President of the Syrian National Council
- In office 10 June 2012 – 9 November 2012
- Preceded by: Burhan Ghalioun
- Succeeded by: George Sabra

Personal details
- Born: 22 June 1956 (age 70) Amuda, Syrian Republic
- Alma mater: Damascus University

= Abdulbaset Sieda =

Kurdish-Syrian politician

Abdulbaset Sieda (/ˌɑːbdəlˈbɑːsət ˈsiːdə/ AHB-dəl-BAH-set-_-SEE-də; عبد الباسط سيدا / ALA-LC: Abd al-Bāsiṭ Sīdā; Ebdilbasit Seyda; born 22 June 1956) is a Kurdish-Syrian academic and politician. He is the former President of the Syrian National Council (SNC), succeeding Burhan Ghalioun in June 2012. He has written a number of books on the Kurds in Syria and his academic work specializes in ancient civilizations.

==Background==
Sieda was born in Amuda, a town populated by Kurds in Al-Hasakah Governorate, Syria. He obtained a Ph.D. from the University of Damascus and was a university professor in Libya from 1991 to 1994. He has written a number of books on the Kurds in Syria.

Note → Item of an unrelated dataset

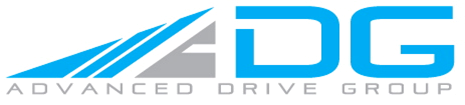 Logo of 4D Garage, featuring a stylized blue and pink design with the words '4D Garage' and 'Automotive' underneath.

After Libya he went into exile to Sweden and specialized in the study of ancient civilizations.

He joined the SNC in 2011 as an independent activist (not a member of a political party) and was elected to the executive. He was chosen as the head of its human rights department. In June 2012 he was the consensus candidate for the three-month presidency of the SNC, succeeding Burhan Ghalioun, who had headed it since it was formed in 2011. SNC officials described him as an honest and conciliatory figure who could unite the SNC's factions and appeal to ethnic and religious minorities in Syria who fear the opposition.

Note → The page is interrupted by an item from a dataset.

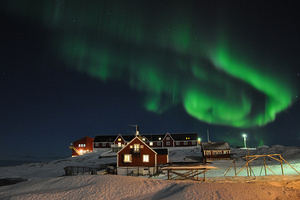 Greenland Winter Package - Amazing Ilulissat Image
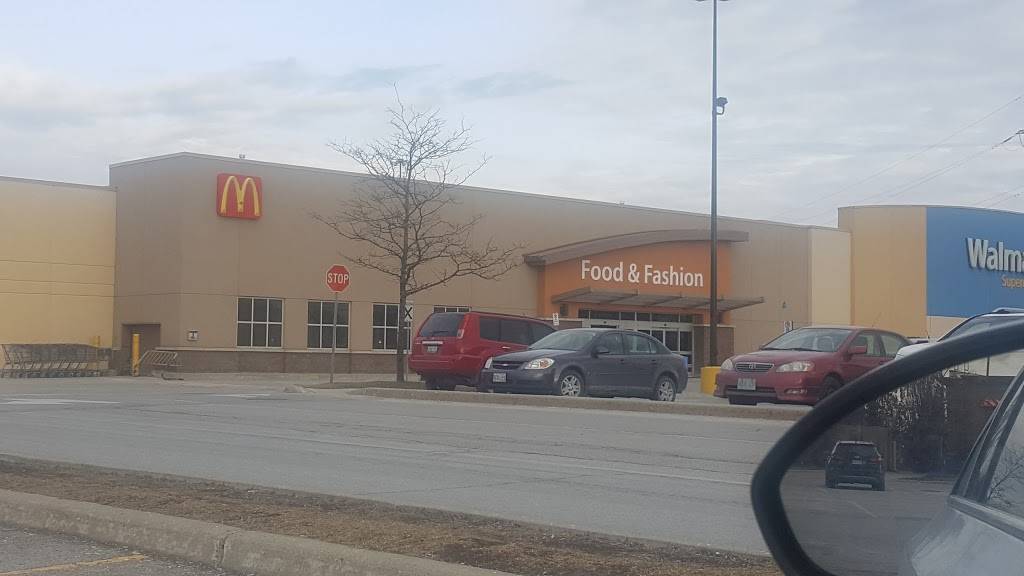 McDonalds | cafe | 22 Pinebush Rd, Cambridge, ON N1R 8K5, Canada | 5196246699 OR +1 519-624-6699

After his election he said his main task was to expand and reform the SNC, making it more inclusive and democratic. Within Syria, he said he wanted to strengthen links with the Free Syrian Army, a loose coalition of army defectors. He called on the United Nations Security Council to pass a resolution under Chapter VII of the U.N. Charter, which allows for the use of force.

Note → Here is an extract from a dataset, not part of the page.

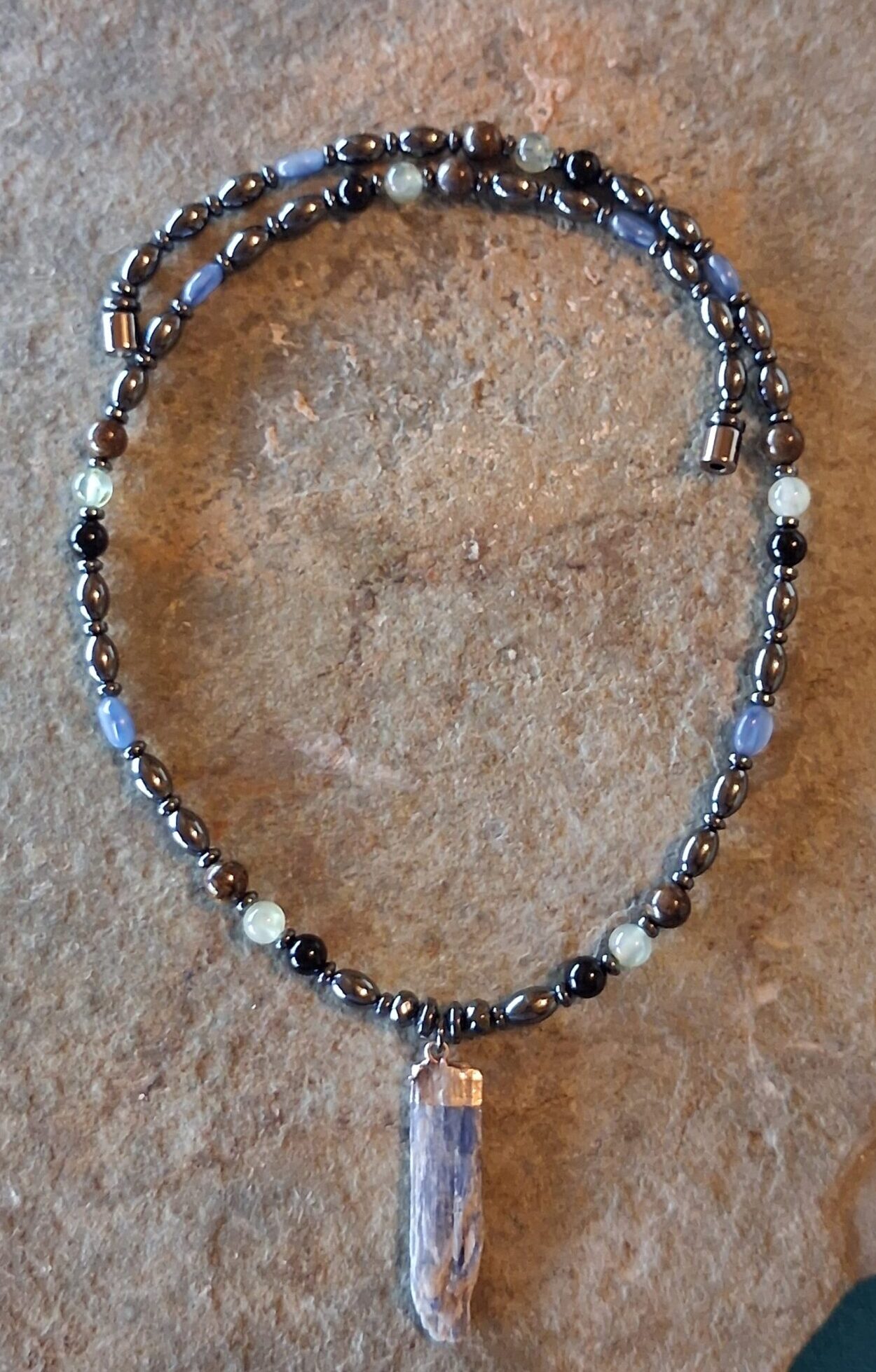 Heal the Healer /Assist & Restore Necklace (Magnetic Closure)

However, Kurdish activists and politicians in his native province distanced themselves from him. Anti-government protests after his election raised banners saying he did not represent him because he opposed federalism. A spokesman of the Kurdish Youth Movement—the largest youth movement in the Kurdish areas of Syria and a component of the main Kurdish opposition Kurdish National Council—said Sieda "joined the ranks of the enemies of Kurdish people" when he refused to walk out of the SNC in March when the other Kurdish parties left. A representative of the Kurdistan Democratic Party of Syria accused him of "following the Turkish agenda" and said he "represents only himself".